Because, they say, they felt like they had to. Like they'd get in trouble if they didn't.

"The reason why we do this game," says the leader, 20-year-old Chinonye ("Chin-EYE-ah") Chukunta, "is to show you how a victim feels inside an abusive relationship."

Chinonye and her presentation partner, Shaina Weisbrot, 19, are two of the co-founders of TEAR: Teens Experiencing Abusive Relationships. They're well aware that, if statistics are any indication, one in five of those girls already knows exactly how a victim feels, that one in three is either in a violent relationship or knows someone who is, and that girls between 16 and 24 are more likely than any other age group to experience relationship abuse. Chinonye, Shaina and their three partners -- who also juggle college classes and paid jobs -- travel to New Jersey schools and community groups presenting workshops on dating violence awareness and prevention, up to three times a week. What makes 3-year-old TEAR unique is this: Its presenters speak directly from experience. All friends since junior high, each TEAR member has been through at least one abusive relationship -- except Chinonye, who has become an expert on helping a friend who's being abused.

Organizations like TEAR, founded and run exclusively by teens, appear to be rare. But TEAR -- and its success -- are part of an explosion of dating violence resources that has, for good reasons and sad, taken place over the last 10 years.

In 1996, by way of comparison, it took some doing for me to convince the editors of Parade magazine that "dating violence" existed in the first place. At the time, I could offer only scattered, tiny-scale statistics, a few examples of community efforts and school programs -- and a pile of newspaper clippings about teen girls murdered by their boyfriends. But my story finally ran on the cover; over the two weeks that followed, the volume of calls to the National Domestic Violence Hotline doubled. It existed, all right.

Today, teens have far more resources not only for support, but also for prevention. There are now hundreds of dating-violence awareness programs in communities and schools, many with teen workshop presenters. The National Center for Victims of Crime offers a Dating Violence Resource Center. Sen. Mike Crapo, R-Idaho, declared Feb. 6-10 of this year National Teen Dating Violence Awareness and Prevention Week, calling on government and private groups to sponsor educational activities. The response was more than ceremonial: The American Bar Association, for one, worked with teens to create a dating violence "toolkit" available to schools -- including safety tips, key phone numbers, a DVD of teens talking about their experiences, and curriculum ideas for teachers.

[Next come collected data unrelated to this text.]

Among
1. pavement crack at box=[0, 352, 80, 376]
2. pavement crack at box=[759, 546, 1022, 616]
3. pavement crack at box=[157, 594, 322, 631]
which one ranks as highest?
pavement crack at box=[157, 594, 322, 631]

Awareness of dating violence has increased, in part, as educators have educated themselves, says Patti Giggans, executive director of the Los Angeles Commission on Assaults Against Women (LACAAW) and a pioneer in the field. In the late 1980s, Giggans says, her organization was focused on early intervention: educating teens about healthy relationships in order to prevent domestic violence down the road. "We'd go into schools and talk to students about not growing up to be battered and batterers, but then they'd come talk to us in the hallway and say things like, 'He makes me go home and call him every night at 7 -- is that a 'controlling behavior' kind of thing?'" she says. "That's how it dawned on us: We were talking about the future, but it was happening now."

Even the term "dating violence" itself has had to come into its own, like "date rape." (Giggans believes it was popularized by her past collaborator and fellow pioneer Barrie Levy, author of several books on the topic, including "Dating Violence: Young Women in Danger.") It was once just as revolutionary to assert that a "date" could "rape" you as it was to assert that obsessive teens were engaged in anything but puppy love.

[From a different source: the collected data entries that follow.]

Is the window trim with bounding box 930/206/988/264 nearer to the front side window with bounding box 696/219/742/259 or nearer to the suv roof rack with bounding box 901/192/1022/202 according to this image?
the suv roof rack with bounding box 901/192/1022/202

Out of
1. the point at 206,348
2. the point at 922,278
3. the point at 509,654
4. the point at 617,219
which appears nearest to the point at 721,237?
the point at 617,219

It's also become clear to educators and advocates that while girls are still the victims in a majority of cases, they can be perps, too. (Guys are even less likely than girls to report abuse, so the numbers of male victims may be higher than anyone realizes.) Dating violence in same-sex relationships also seems to be about as prevalent as it is in straight relationships.

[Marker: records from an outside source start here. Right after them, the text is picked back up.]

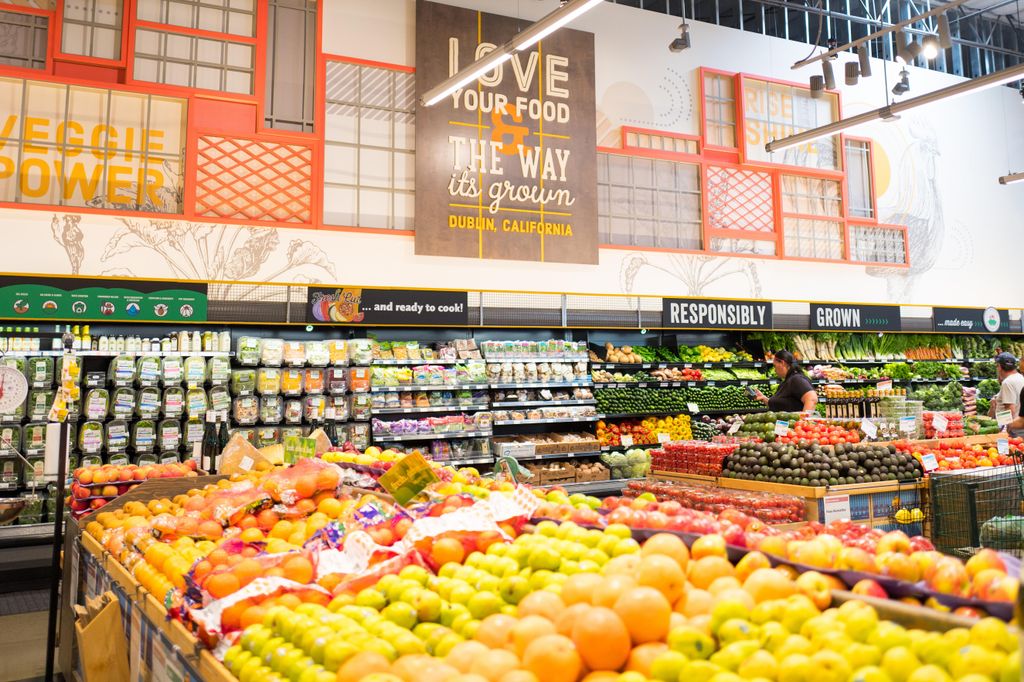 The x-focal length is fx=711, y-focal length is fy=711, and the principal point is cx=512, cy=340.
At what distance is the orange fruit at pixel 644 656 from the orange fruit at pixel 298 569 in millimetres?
1111

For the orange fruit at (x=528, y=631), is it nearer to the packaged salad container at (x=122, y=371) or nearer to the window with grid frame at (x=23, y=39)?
the packaged salad container at (x=122, y=371)

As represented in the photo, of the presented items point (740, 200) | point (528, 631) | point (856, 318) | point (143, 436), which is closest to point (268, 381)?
point (143, 436)

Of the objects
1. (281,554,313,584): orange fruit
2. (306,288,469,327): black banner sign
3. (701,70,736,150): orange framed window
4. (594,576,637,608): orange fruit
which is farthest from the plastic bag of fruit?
(701,70,736,150): orange framed window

Yet despite the "proliferation" of resources that Giggans has seen in recent years, there's still a long way to go, she says. Some schools still decline LACAAW's violence-prevention curriculum -- in use by thousands of schools and youth programs nationwide and abroad -- saying, "We don't have that problem here." School leadership, system-wide, remains slow to repond to their efforts. Many states still make it difficult for people in dating relationships to secure orders of protection. And, of course, the problem persists: Shaina says that virtually no TEAR presentation ends without someone approaching, or at least e-mailing, to share her, or his, situation.